Question

If A(-2, 1), B(2, 3) and C(-2, -4) be the vertices of a \[\Delta ABC\] , show that \[\tan B=\dfrac{2}{3}\] .

Answer 1

Hint:
 Use the fact that the slope of the line joining the points $A\left( {{x}_{1}},{{y}_{1}} \right)$ and $B\left( {{x}_{2}},{{y}_{2}} \right)$ is given by $m=\dfrac{{{y}_{2}}-{{y}_{1}}}{{{x}_{2}}-{{x}_{1}}}$. Substitute the value of ${{x}_{1}},{{x}_{2}},{{y}_{1}},{{y}_{2}}$ in each case and hence find the slopes of the lines.
Also, another important fact that would be used in this question would be as follows
The formula to calculate the angle between two line having slopes as x and y is as follows
\[\theta ={{\tan }^{-1}}\left[ \left| \dfrac{x-y}{1-x\cdot y} \right| \right]\]
(Where \[\theta \] is the angle between the two lines with slopes as x and y)
So, in this question, we will first calculate the slopes of the lines AB and BC(using the formula that is given in the hint), and then we will use the formula to find the angle between these two lines which would be the angle B.

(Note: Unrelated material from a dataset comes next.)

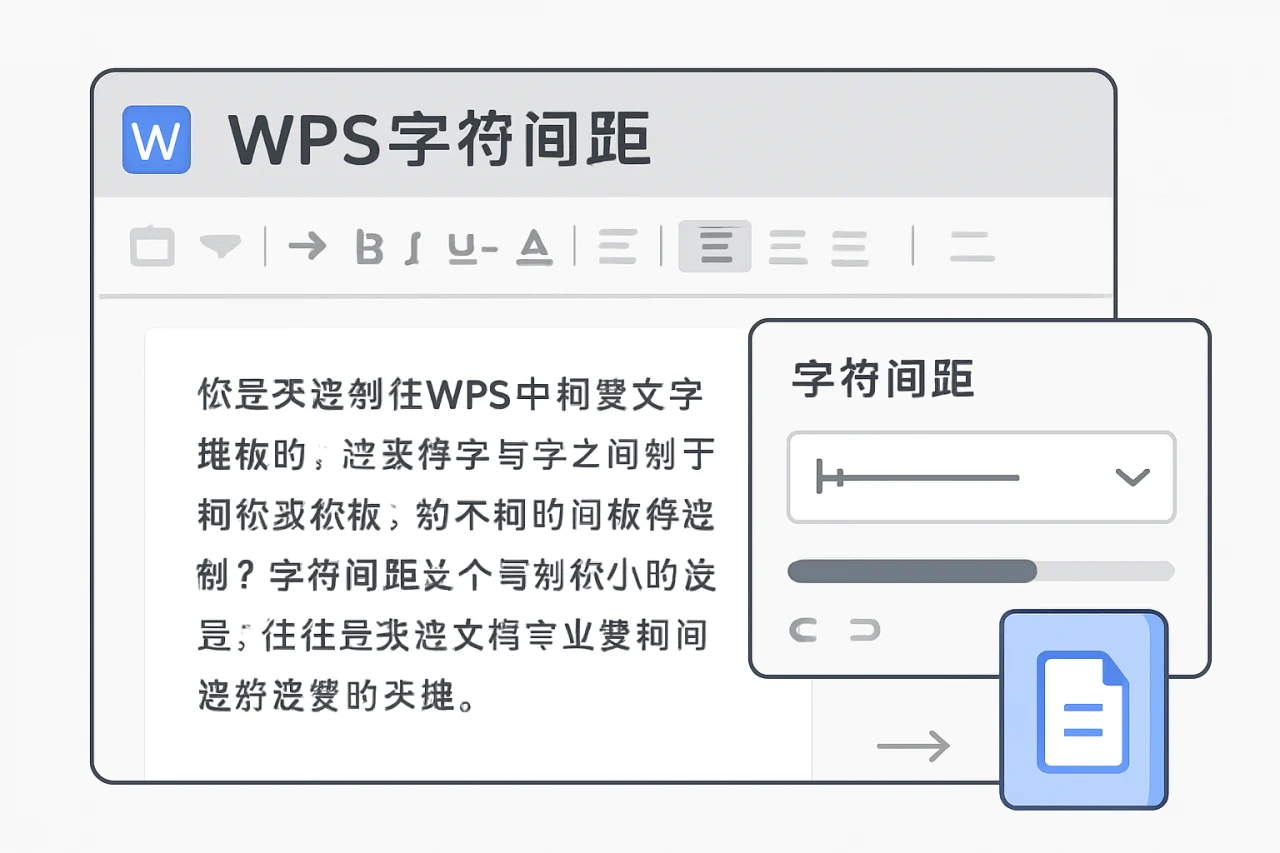 WPS字符间距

Complete step-by-step answer:
Now, as mentioned in the question, we have points as A(-2, 1), B(2, 3) and C(-2, -4).
We know that the slope of the line joining the points $A\left( {{x}_{1}},{{y}_{1}} \right)$ and $B\left( {{x}_{2}},{{y}_{2}} \right)$ is given by $m=\dfrac{{{y}_{2}}-{{y}_{1}}}{{{x}_{2}}-{{x}_{1}}}$.
In the first case, for AB, we have ${{x}_{1}}=-2,{{x}_{2}}=2,{{y}_{1}}=1$ and ${{y}_{2}}=3$
Hence, we have
${{m}_{1}}=\dfrac{3-1}{2-(-2)}=\dfrac{2}{4}=\dfrac{1}{2}$
Hence the slope of the line AB is$\dfrac{1}{2}$ .
In the second case, for BC, we have ${{x}_{1}}=-2,{{x}_{2}}=2,{{y}_{1}}=-4$ and ${{y}_{2}}=3$
Hence, we have
${{m}_{2}}=\dfrac{3-4}{2-(-2)}=\dfrac{-1}{4}$
Hence the slope of the line BC is $\dfrac{-1}{4}$.
Now, using the formula that is given in the hitn, we can find the angle between the two line AB and BC as follows
The formula to calculate the angle between two line having slopes as x and y is as follows
\[\theta ={{\tan }^{-1}}\left[ \left| \dfrac{x-y}{1-x\cdot y} \right| \right]\]
(Where \[\theta \] is the angle between the two lines with slopes as x and y)
Now, we can write as follows
\[\begin{align}
  & B={{\tan }^{-1}}\left[ \left| \dfrac{\dfrac{1}{2}-\dfrac{\left( -1 \right)}{4}}{1-\dfrac{1}{2}\cdot \dfrac{\left( -1 \right)}{4}} \right| \right] \\
 & B={{\tan }^{-1}}\left[ \left| \dfrac{\dfrac{3}{4}}{1+\dfrac{1}{8}} \right| \right] \\
 & B={{\tan }^{-1}}\left[ \left| \dfrac{\dfrac{3}{4}}{\dfrac{8+1}{8}} \right| \right] \\
 & B={{\tan }^{-1}}\left[ \left| \dfrac{2}{3} \right| \right] \\
 & \tan B=\dfrac{2}{3} \\
\end{align}\]
Hence, the result is proved.



Note: Another approach to the question is draw a triangle ABC then from that find the length of each side and use the cosine rule to find the angle B , Now once we have angle B we can manipulate the cosine to term to get the sine term as well , Now use tangent identity in terms of sine in cosine to get the required result.